WHAT TO WORK ON
Your reply should reproduce the data below without a single alteration, apart from dropping the images.
(DATASET SECTION begins)
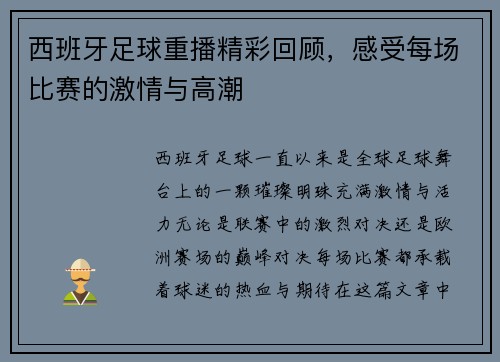 西班牙足球重播精彩回顾，感受每场比赛的激情与高潮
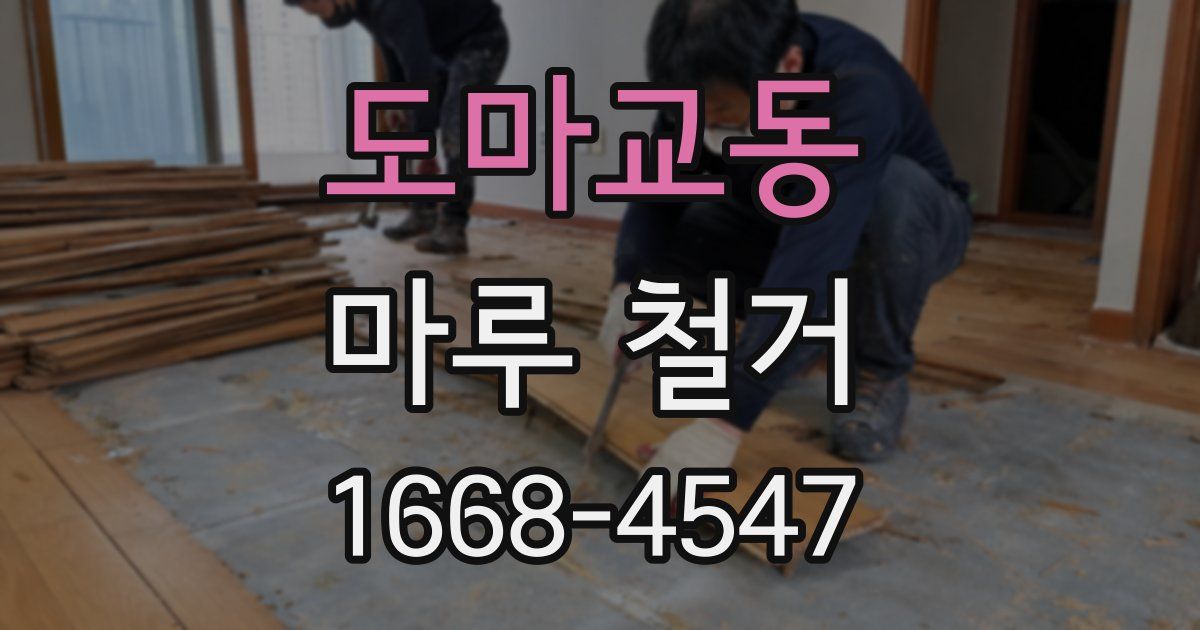 도마교동 마루 철거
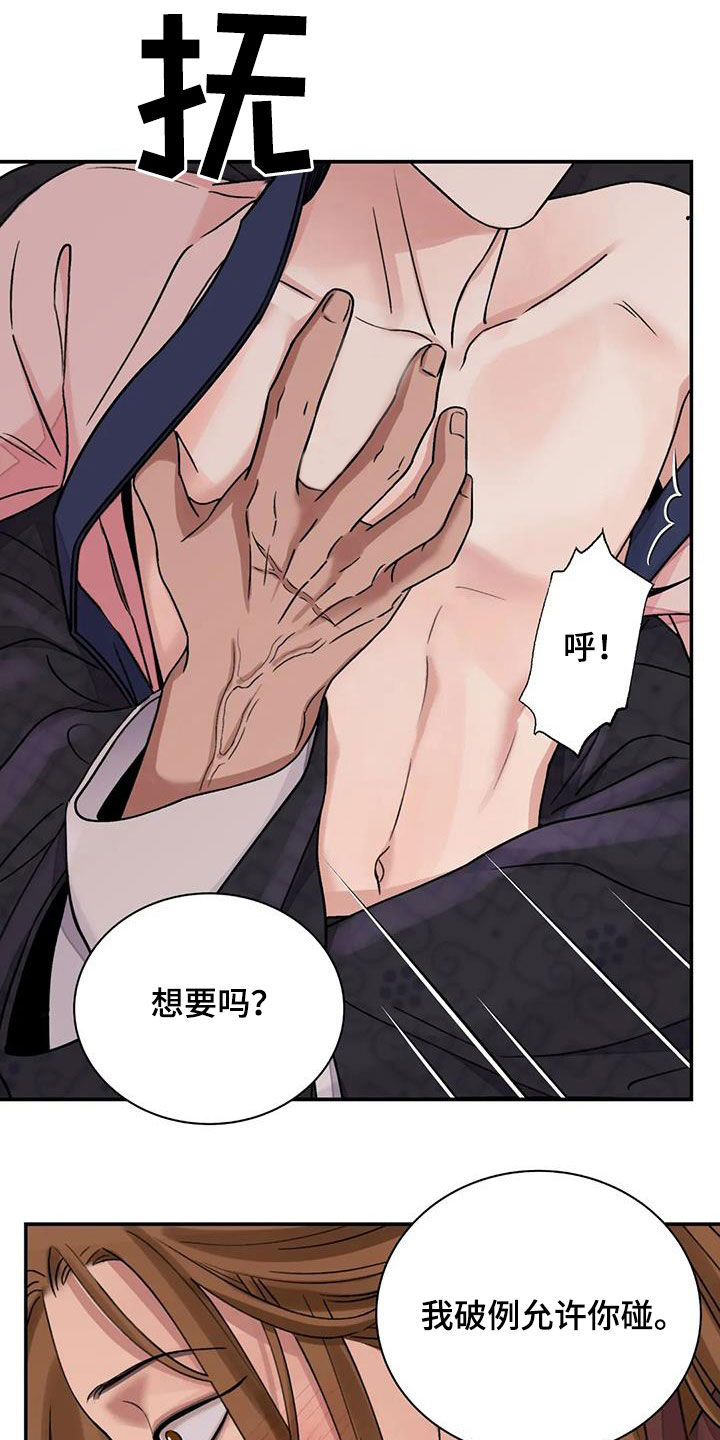 第63章：【第二季】不愿意1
(DATASET SECTION ends)
EXERCISE OUTPUT
 西班牙足球重播精彩回顾，感受每场比赛的激情与高潮
 도마교동 마루 철거
 第63章：【第二季】不愿意1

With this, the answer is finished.